**Task input**
────────────────────

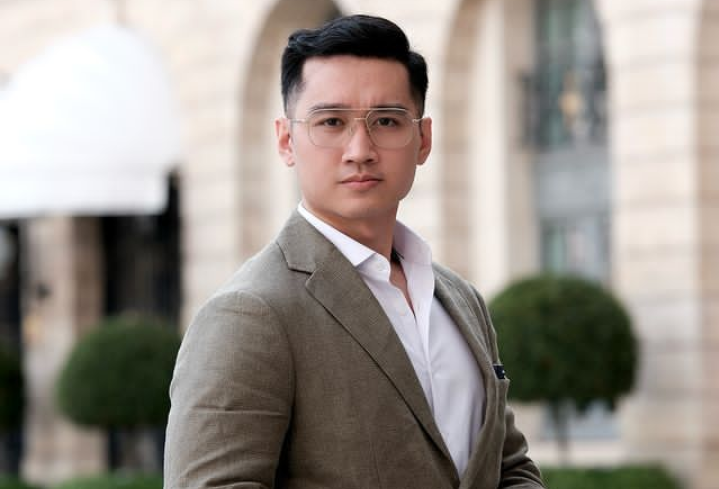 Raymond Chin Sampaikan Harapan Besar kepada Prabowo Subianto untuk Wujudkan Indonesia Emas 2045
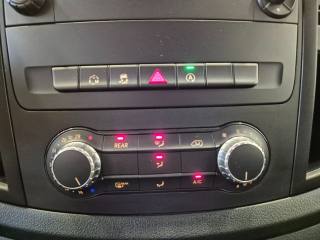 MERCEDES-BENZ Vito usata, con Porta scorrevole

────────────────────

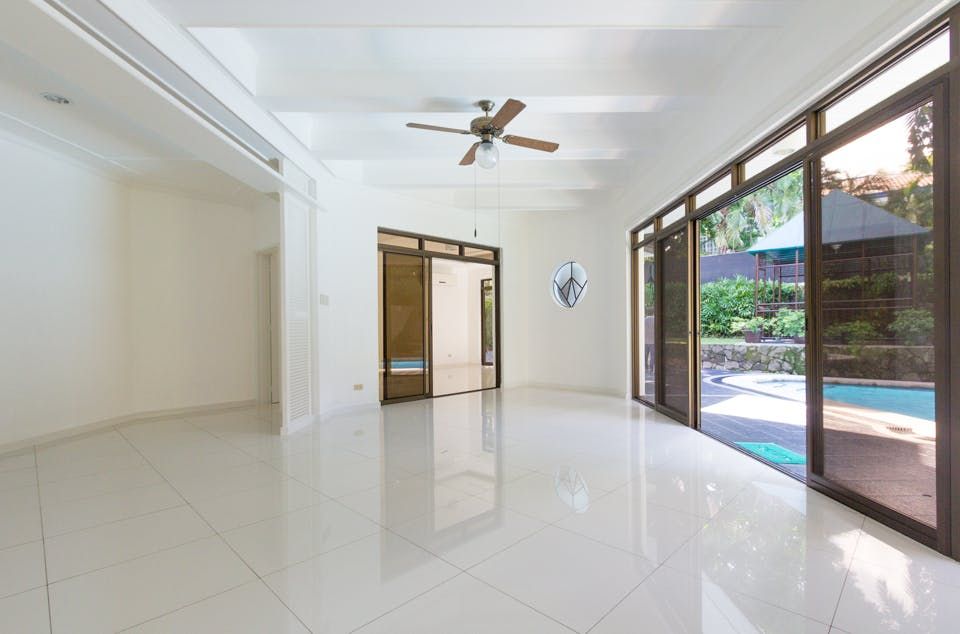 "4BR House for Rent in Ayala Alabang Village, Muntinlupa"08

────────────────────

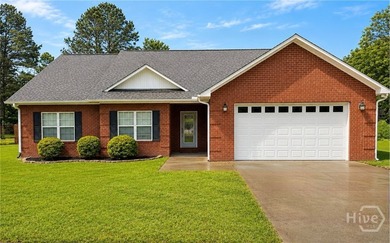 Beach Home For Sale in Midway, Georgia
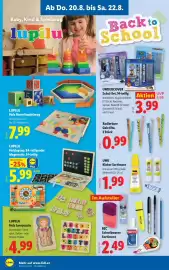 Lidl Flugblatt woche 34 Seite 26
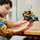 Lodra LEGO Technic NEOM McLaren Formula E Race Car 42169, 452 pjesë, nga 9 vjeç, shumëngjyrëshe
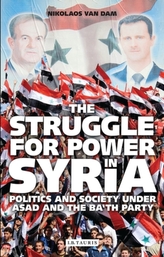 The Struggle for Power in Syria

────────────────────

**What is being asked**
Range to copy from the records above: the line containing "Raymond Chin Sampaikan" to the line containing "MERCEDES-BENZ Vito usata, con", both included. Output those lines exactly and only those, skipping pictures.

**Answer to the problem**
 Raymond Chin Sampaikan Harapan Besar kepada Prabowo Subianto untuk Wujudkan Indonesia Emas 2045
 MERCEDES-BENZ Vito usata, con Porta scorrevole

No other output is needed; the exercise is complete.